We have spoken on countless occasions: the position that is adopted on the bicycle, leaning forward, can produce various physical discomforts. To avoid this it is vital to make sure that the measurements of our bike and the height of the saddle are adequate, but also to take care of the training, thinking about it. One of the best ways to do this is to perform yoga exercises with some frequency. We tell you how to do the most appropriate.

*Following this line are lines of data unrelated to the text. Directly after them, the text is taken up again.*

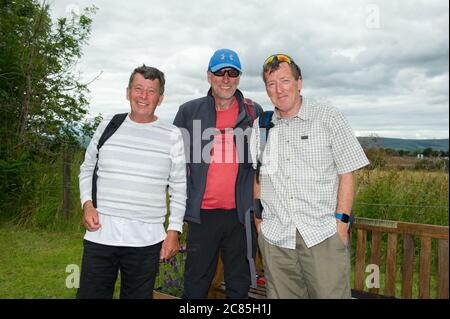 Auchinloch bei Lenzie, Schottland, Großbritannien. Juli 2020. Im Bild: Drei enge Brüder auf einem Spaziergang durch die Landschaft. In der Nähe befindet sich die Golden Pheasant Bar in Auchinloch, die einen perfekten Halt mitten im Spaziergang bietet. Die drei Brüder gehen jeden Dienstag spazieren, und heute war dies auf den Dalen von Kirkintilloch und Lenzie. Sie sagten, dass ein Spaziergang gut für die Seele und perfekt zum Plaudern und toll für die psychische Gesundheit ist, besonders während der Coronavirus-Krise. Quelle: Colin Fisher/Alamy Live News Stockfoto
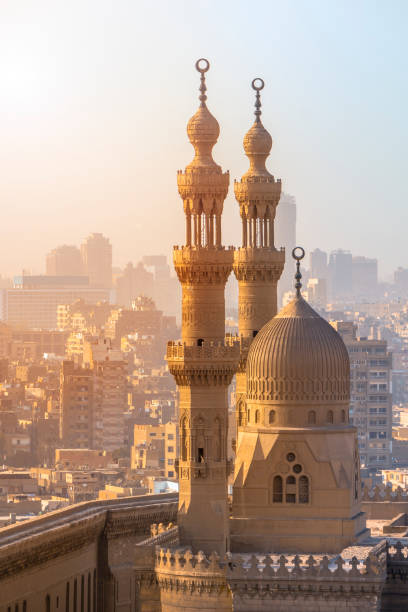 desde arriba la vista de las mezquitas del sultán hassan y al-rifai. - cairo egypt mosque minaret fotografías e imágenes de stock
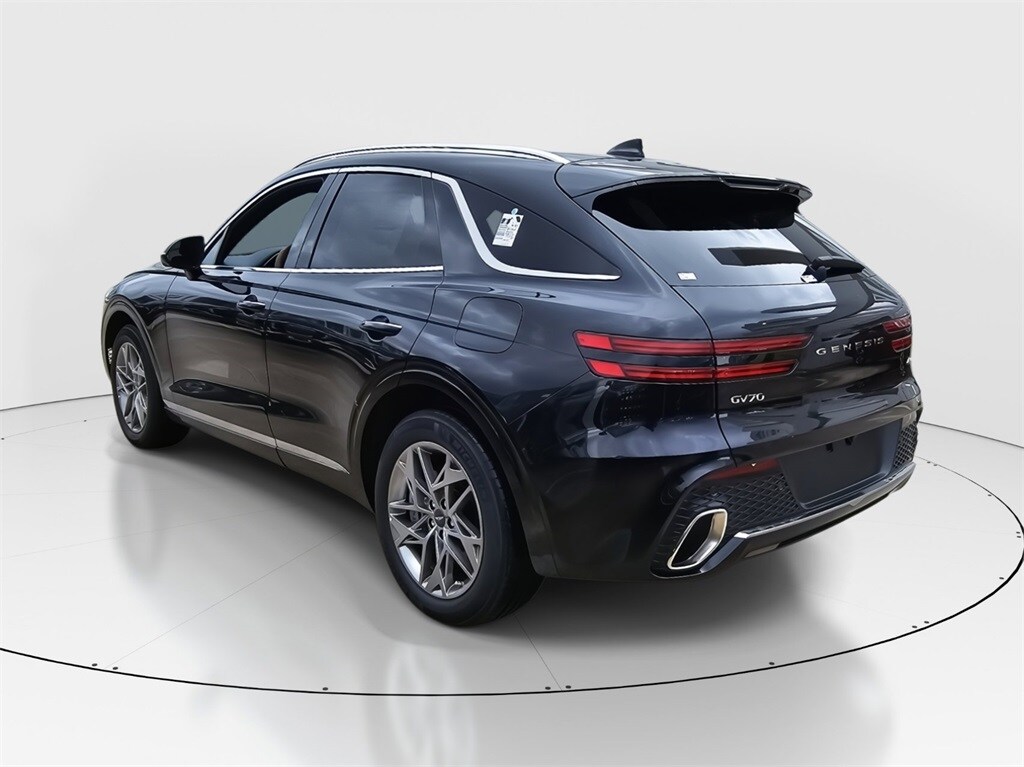 2025 Genesis GV70 2.5T Advanced photo 4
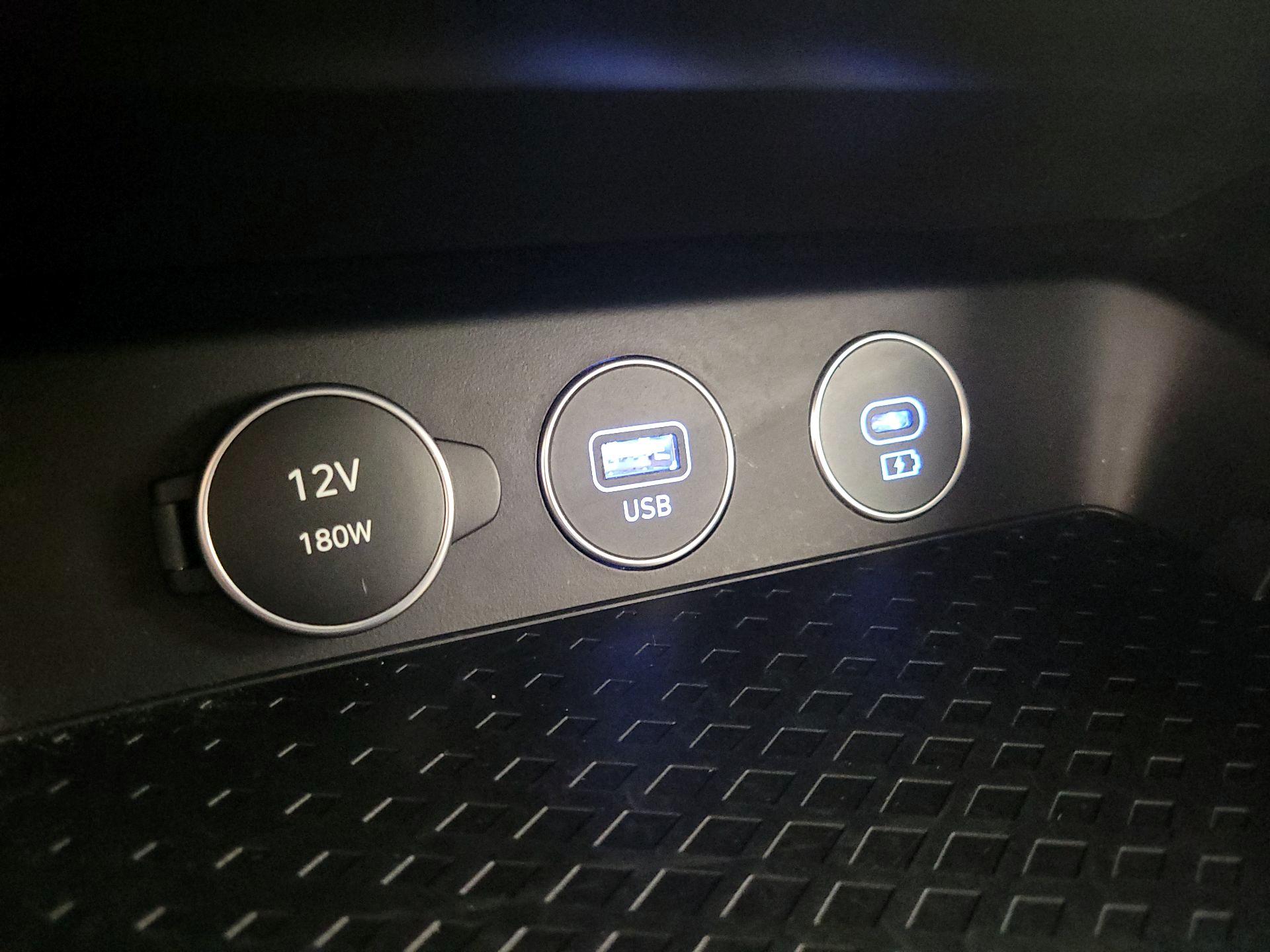 Thumbnail: 2025 Genesis G70 - 19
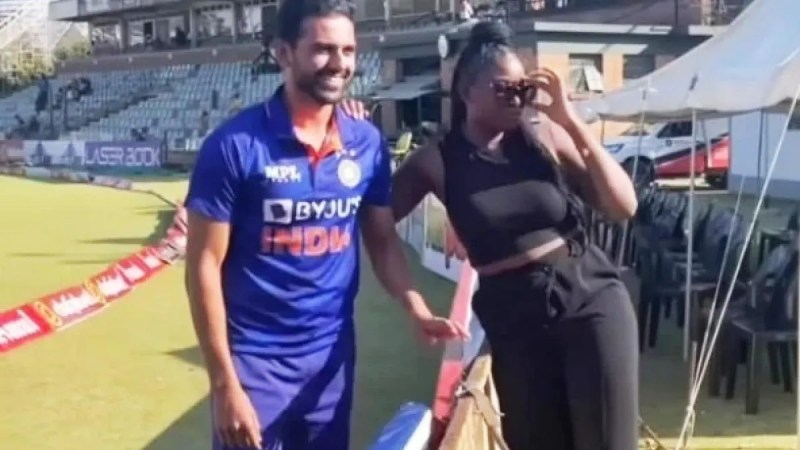 indvzim deepak chahar female fan viral video odi series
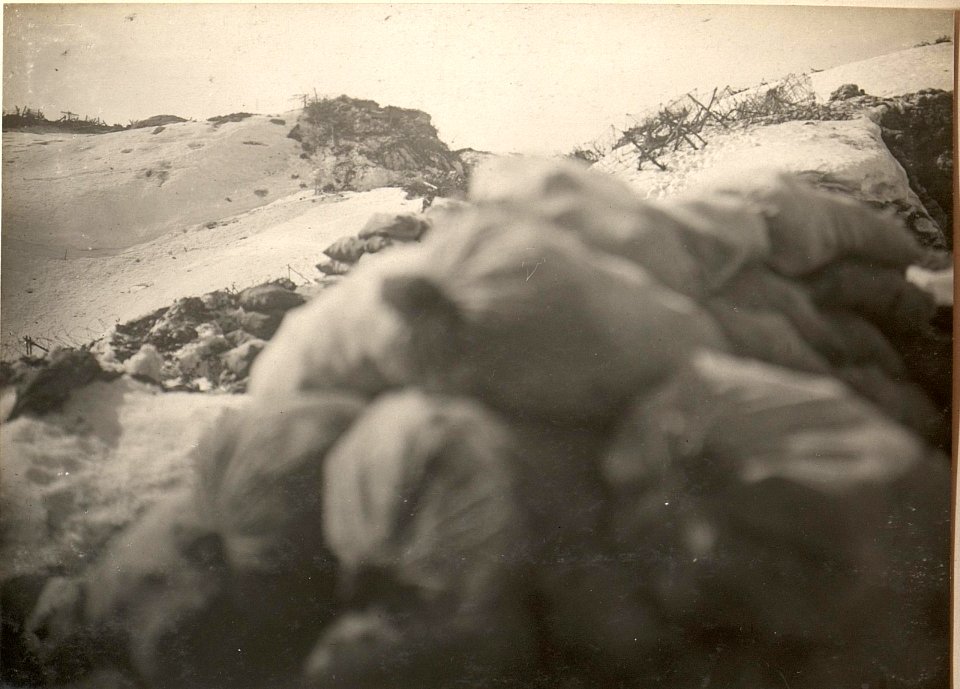 Kleiner Pal, Blick aus der Hauptstellung gegen die Vorfeldstellung, links im Hintergrunde die italienische Stellung, aufgenommen am 1. Mai 1916 (BildID 15473892)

The 4 best yoga exercises for cyclists
You should lie on your back with your knees bent and your feet facing the front. While inhaling – comparing the movements – lift the pelvis as high as you can and insert your hands under the body, as you can see in the image below. Keep your posture a minimum of 30 seconds.
Get on your knees. Let yourself fall backward, in a relaxed manner, until you hold your heels with your hands and press your hips forward. Hold the posture for 30 seconds and return to the initial position inhaling and very gently.
Get “on all fours,” with your knees under your hip. The wrists, elbows, and shoulders should be perpendicular, aligned between them in ascending order. In that position, you should inhale while arcing the spine upwards. When exhaling, carry out the opposite movement: sink the stomach to the ground.
This yoga exercise also begins with the four limbs above the ground. From that position – and with the foot flexed to protect the knee – bring the right knee forward and the left stretch it back, as much as your hips allow. You can maintain this position for a maximum of 5 minutes -generally more than the rest of the exercises- and then do it by advancing the left leg and stretching the right.
And you, have you ever practiced yoga exercises? How has your experience been? We read you on our social networks!
PS: The images have been taken from the web bicycling.